W Polsce polityka dla elektoratu to przede wszystkim twarze, nie programy, stąd przez pryzmat szefa postrzega się konkretne ugrupowanie. Zaś Marek Pol nie był chyba osobą, która podnosiłaby wskaźniki poparcia dla UP. Niezależnie bowiem od afer targających SLD, to nie to ugrupowanie ciągnie w dół całą koalicję – sądzę wręcz, iż wystartowawszy samodzielnie ma jednak szanse na zdobycie mandatów. Być może UP to nie tak niesubordynowany koalicjant jak PSL, ale czy SLD są na rękę próby zmiękczenia planu Hausnera poprzez dodanie pakietów socjalnych?
Okazuje się, że dla obydwu stron koalicja ta może być niekorzystna. A nawet jeśli nie zachodzi równowaga racji po obu stronach – SLD może zdecydować się na zostawienie UP. Jedno jest pewne, samodzielny start dla Unii Pracy to dla niej polityczne samobójstwo. Skąd bowiem nerwowe deklaracje o sprzeciwie wobec przedterminowych wyborów, po których przetrwanie najmniejszego klubu poselskiego wydaje się być wątpliwe? Kto więc pozostaje dla niej partnerem?

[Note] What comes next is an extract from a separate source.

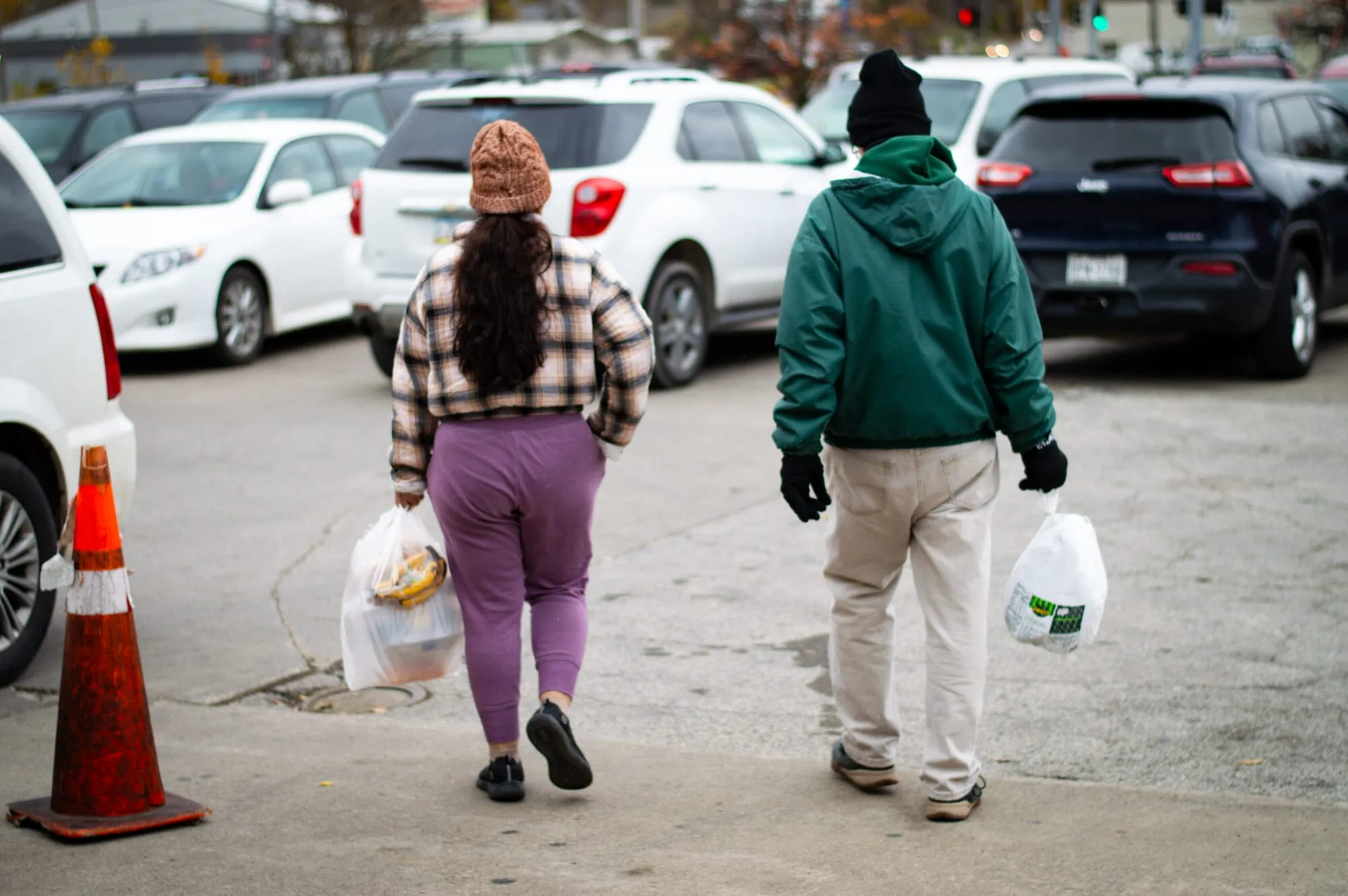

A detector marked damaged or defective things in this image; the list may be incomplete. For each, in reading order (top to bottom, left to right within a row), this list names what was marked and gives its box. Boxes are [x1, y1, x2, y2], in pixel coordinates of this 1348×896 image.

pavement crack [267, 509, 350, 671]
cracked pavement [7, 318, 1348, 808]
pothole [299, 684, 426, 711]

Trudno co prawda przesądzać o przyszłości Socjaldemokracji Polskiej, która istnieje raptem miesiąc, ale jak na razie na razie 8 % poparcia, nawet po wzięciu poprawki, nie sugeruje spektakularnego odejścia w polityczny niebyt. Polacy mają bowiem w zwyczaju fascynowania się nowościami, a SDPl taką jest. To nieco odmienny styl prowadzenia polityki – migracje do tego, liczącego w tej chwili 33 posłów klubu, na to wskazują. To nie Federacyjny Klub Parlamentarny znany głównie z przyjmowania skompromitowanych aferami niedobitków z SLD.

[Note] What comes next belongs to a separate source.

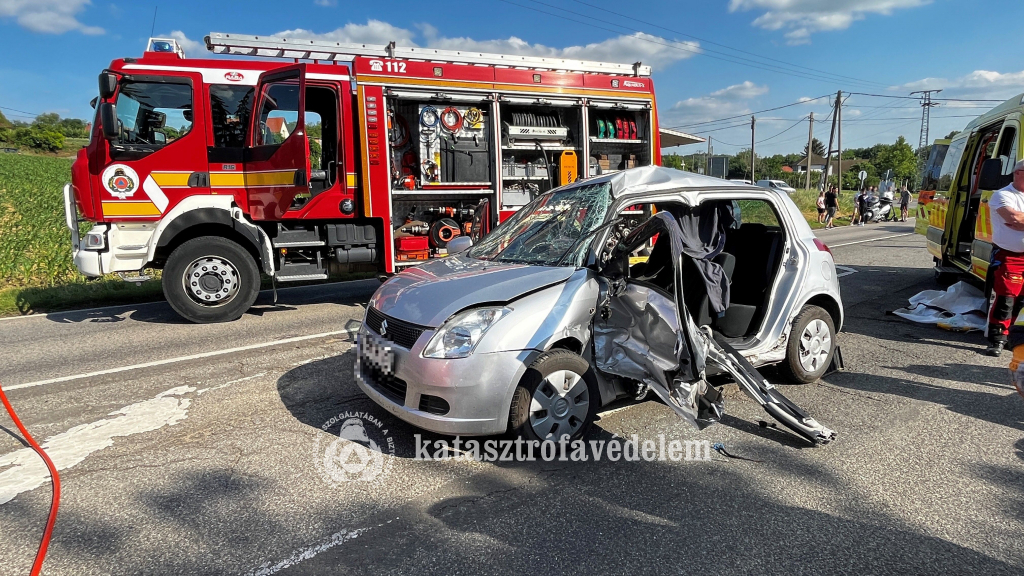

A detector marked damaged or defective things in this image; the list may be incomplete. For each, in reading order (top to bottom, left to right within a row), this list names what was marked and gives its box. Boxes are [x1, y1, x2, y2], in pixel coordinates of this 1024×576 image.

Punkt zbieżny dla UP i SDPl to na pewno bliskość programowa. Deklarowany przez członków SDPl powrót do lewicowości zgadza się z programem prezentowanym przez, UP, która niezależnie od hierarchii ważności polskich partii, zdaje się być najbardziej lewicowym ugrupowaniem funkcjonującym na arenie parlamentarnej. Na razie uchwała posła Lisaka nie spotkała się z brakiem poparcia, ale UP mimo deklaracji o samodzielności nie może sobie pozwolić na samodzielny start w szrankach wyborczych i doskonale o tym wie. Pozostaje tylko zadać pytanie czy chętną do przyjęcia takiej alternatywy jest Socjaldemokracja Polska? Innym scenariuszem może być napływ imigrantów z UP do SDPl – niezadowolonych, jak Poseł Lisak...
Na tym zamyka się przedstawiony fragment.